_Work request_
Pictures in the entries below are excluded; copy only the lines from the one containing "Zara Women Psychedelic" to the one containing "Vinyl / 3 Degrees* - My Simple Heart", both included.

_Extracted information_
==============================

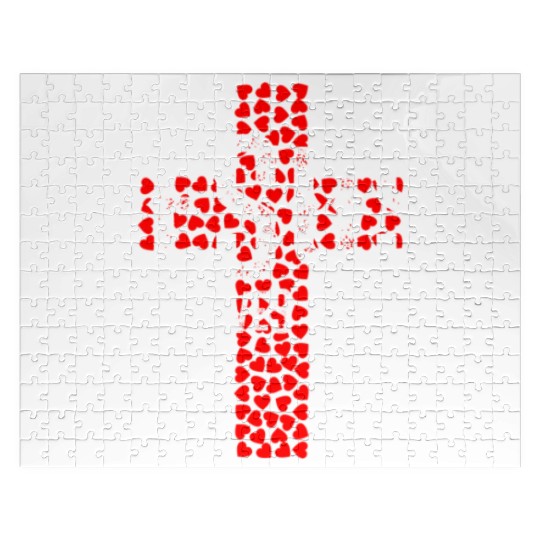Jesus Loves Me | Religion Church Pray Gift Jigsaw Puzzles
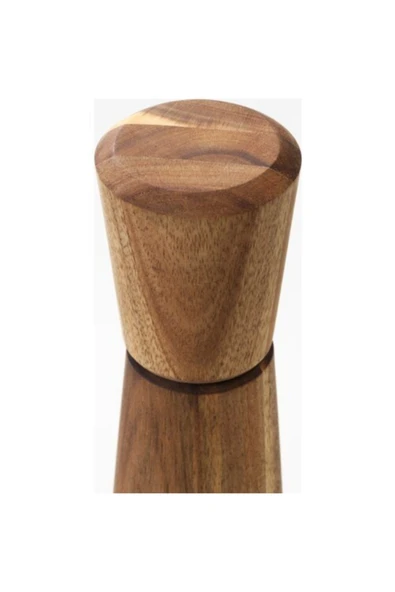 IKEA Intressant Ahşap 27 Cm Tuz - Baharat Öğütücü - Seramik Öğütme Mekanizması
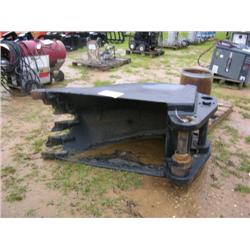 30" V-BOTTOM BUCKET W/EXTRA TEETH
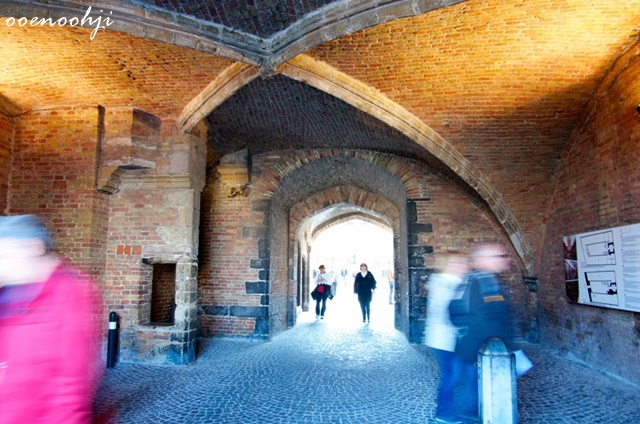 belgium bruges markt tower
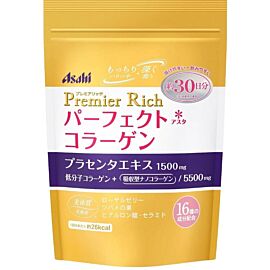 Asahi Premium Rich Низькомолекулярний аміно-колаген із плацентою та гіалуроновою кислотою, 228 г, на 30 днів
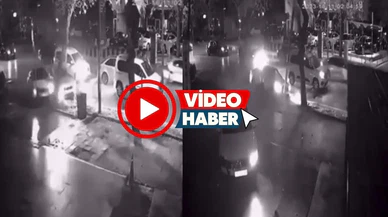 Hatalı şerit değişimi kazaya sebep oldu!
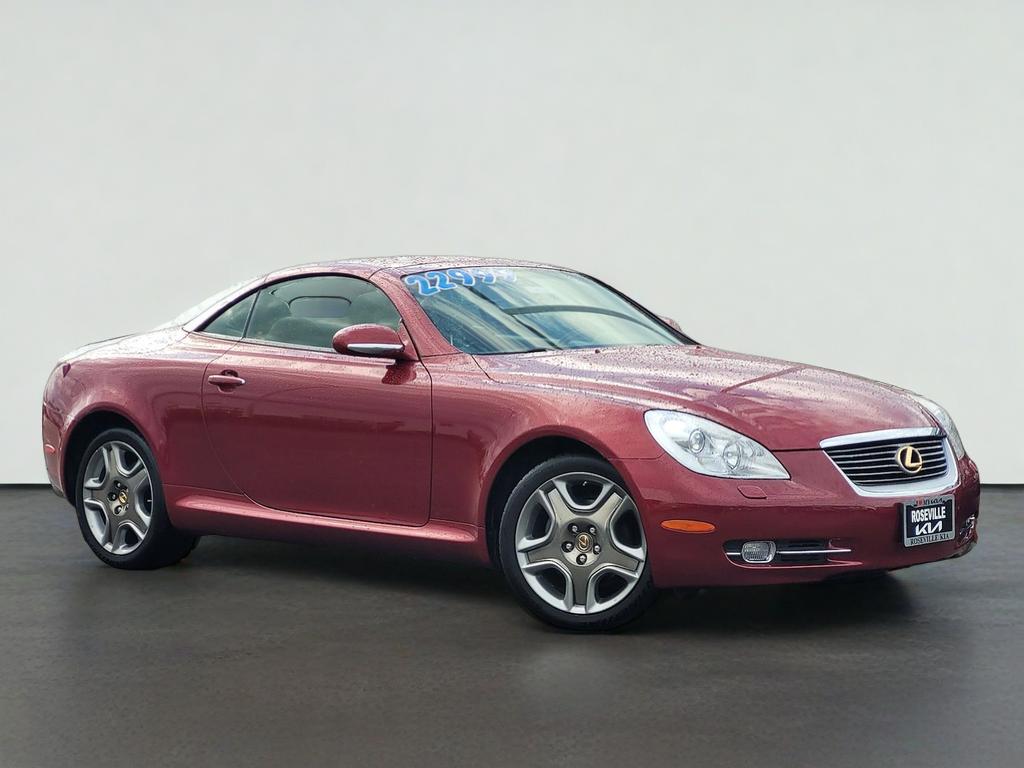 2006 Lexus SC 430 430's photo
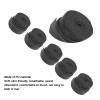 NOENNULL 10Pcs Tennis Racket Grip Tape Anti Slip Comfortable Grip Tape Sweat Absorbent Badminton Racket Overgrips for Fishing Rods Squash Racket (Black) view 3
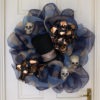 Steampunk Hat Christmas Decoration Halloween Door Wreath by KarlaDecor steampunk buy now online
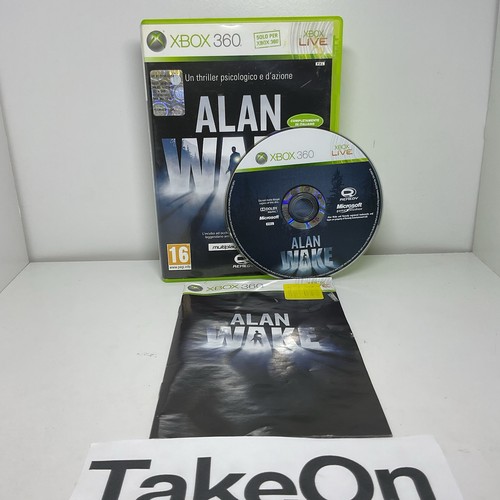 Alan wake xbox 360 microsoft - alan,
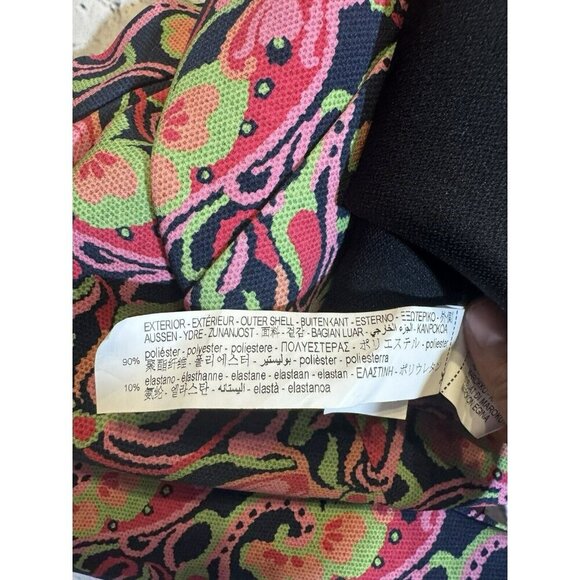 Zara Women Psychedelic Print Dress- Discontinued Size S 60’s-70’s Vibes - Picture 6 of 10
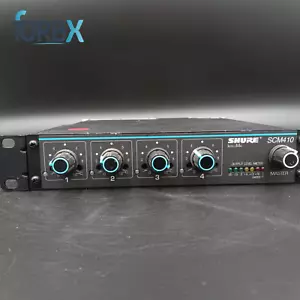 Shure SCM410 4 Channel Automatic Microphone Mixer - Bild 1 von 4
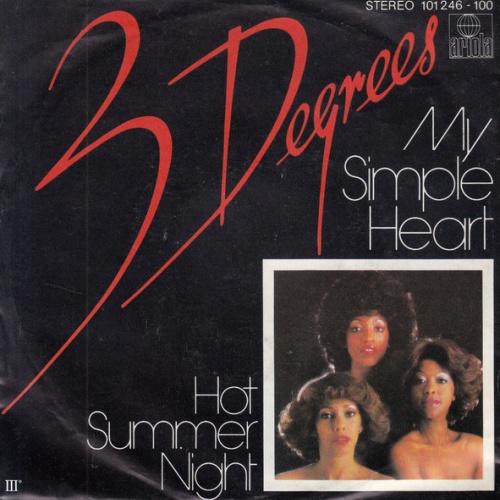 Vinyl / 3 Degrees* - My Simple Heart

==============================

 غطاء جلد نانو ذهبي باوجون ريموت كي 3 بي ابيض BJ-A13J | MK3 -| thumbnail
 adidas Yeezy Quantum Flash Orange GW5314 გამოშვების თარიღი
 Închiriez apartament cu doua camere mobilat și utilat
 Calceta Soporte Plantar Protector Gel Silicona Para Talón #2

==============================

_Response to the task_
 Zara Women Psychedelic Print Dress- Discontinued Size S 60’s-70’s Vibes - Picture 6 of 10
 Shure SCM410 4 Channel Automatic Microphone Mixer - Bild 1 von 4
 Vinyl / 3 Degrees* - My Simple Heart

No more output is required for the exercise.